Pour répondre à ce dernier critère, deux agriculteurs de l’association ont mis au point un disque coupeur spécifique. Placé sur le tasse-avant du tracteur, ce disque permet de couper les tiges sur les andains à même le sol en deux tronçons de 1 m.
Les tiges sont ensuite laissées à rouir sous l’action du soleil, des intempéries et du vent. À mi-rouissage, les andains sont retournés avec une retourneuse à lin.
De la fibre au tissu
Après ces étapes préparatoires au champ, le chanvre a été teillé afin d’obtenir des fibres longues et des étoupes. L’étape suivante est la filature - la transformation des fibres en fil. Si l’étoupe est de bonne qualité, elle est aussi valorisée en filature, au mouillé (pour les vêtements) ou à sec (pour l’ameublement). Pour les plus mauvaises qualités d’étoupes, un usage en papeterie, ficelle ou cordage est possible.
La fabrication du fil a été réalisée par une entreprise française, Safilin, délocalisée en Pologne. Revenu en France, le fil a été ourdi - l’ourdissage consistant à disposer les fils les uns à côté des autres sur une grande longueur afin de former une nappe sur une largeur déterminée - puis tissé. Pour ce jean, les fibres longues ont été utilisées en chaîne et les étoupes, en trame. Le tissu ainsi obtenu a passé l’étape de la confection pour fabriquer le premier prototype de jean en chanvre cultivé en Normandie (encadré).

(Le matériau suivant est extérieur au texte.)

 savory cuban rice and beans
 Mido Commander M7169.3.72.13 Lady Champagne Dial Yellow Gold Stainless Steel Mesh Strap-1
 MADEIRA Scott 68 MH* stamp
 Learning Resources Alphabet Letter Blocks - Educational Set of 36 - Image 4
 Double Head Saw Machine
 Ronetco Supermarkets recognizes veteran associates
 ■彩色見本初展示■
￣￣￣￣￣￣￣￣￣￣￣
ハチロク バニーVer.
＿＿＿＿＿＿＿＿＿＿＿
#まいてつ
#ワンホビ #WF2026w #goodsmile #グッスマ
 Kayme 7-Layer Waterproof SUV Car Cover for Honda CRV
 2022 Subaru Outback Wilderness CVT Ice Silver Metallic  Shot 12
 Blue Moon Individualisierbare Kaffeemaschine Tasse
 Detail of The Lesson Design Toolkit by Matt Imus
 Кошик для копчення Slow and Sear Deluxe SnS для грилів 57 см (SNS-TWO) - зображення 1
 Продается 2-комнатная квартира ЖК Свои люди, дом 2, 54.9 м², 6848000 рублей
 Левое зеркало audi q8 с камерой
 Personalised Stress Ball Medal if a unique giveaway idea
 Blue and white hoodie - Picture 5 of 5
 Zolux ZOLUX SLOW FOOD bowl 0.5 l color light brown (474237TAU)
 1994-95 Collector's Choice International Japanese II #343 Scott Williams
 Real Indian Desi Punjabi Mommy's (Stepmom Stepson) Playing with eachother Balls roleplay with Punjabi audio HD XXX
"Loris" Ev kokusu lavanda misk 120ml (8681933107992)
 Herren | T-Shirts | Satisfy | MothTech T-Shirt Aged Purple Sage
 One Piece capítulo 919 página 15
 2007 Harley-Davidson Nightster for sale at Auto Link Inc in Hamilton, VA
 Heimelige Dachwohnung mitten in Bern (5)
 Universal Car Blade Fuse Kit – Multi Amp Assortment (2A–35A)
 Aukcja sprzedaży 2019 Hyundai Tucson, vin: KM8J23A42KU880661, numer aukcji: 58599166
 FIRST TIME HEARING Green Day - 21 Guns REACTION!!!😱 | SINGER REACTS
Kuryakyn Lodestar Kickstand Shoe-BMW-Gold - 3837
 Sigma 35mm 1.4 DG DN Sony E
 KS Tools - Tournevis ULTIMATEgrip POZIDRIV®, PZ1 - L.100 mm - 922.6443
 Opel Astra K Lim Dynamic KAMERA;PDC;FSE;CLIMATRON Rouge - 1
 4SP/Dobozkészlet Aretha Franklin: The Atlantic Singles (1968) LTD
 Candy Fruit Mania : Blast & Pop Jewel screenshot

Un premier essai français « transformé »
Le jean 100 % chanvre français de l’association « Lin et Chanvre Bio » a reçu le prix « Coup de cœur » du jury des Trophées nationaux de la bioéconomie au Salon international de l’agriculture (SIA) le 24 février dernier. La faisabilité d’un tel jean est ainsi prouvée, mais de nombreux défis subsistent. Tout d’abord le matériel de récolte doit être amélioré car il s’agit pour l’instant de prototypes. De plus, le rouissage à la façon du lin reste à bien maîtriser. L’aspect rentabilité doit aussi être approfondi. En effet, dans ce process, on n’attend pas la maturité des graines, ce qui prive l’agriculteur de leur revenu. Il faut donc produire le plus de fibres longues possible, mieux rémunérées. Or le chanvre produit un tiers de fibres longues pour deux-tiers d’étoupes, ce qui est le ratio inverse du lin. Les travaux de « Lin et chanvre bio » se poursuivent donc en 2020 et 2021, avec le soutien de l’Agence de l’Eau Seine-Normandie et de la région Normandie, afin que les agriculteurs puissent introduire rentablement demain le chanvre dans les rotations du lin.
(1) Pour plus d’informations sur ces exploitations technologiques, lire l’article « Filières locales : de nouvelles utilisations pour les fibres de chanvre » de Perspectives Agricoles n°451, janvier 2018.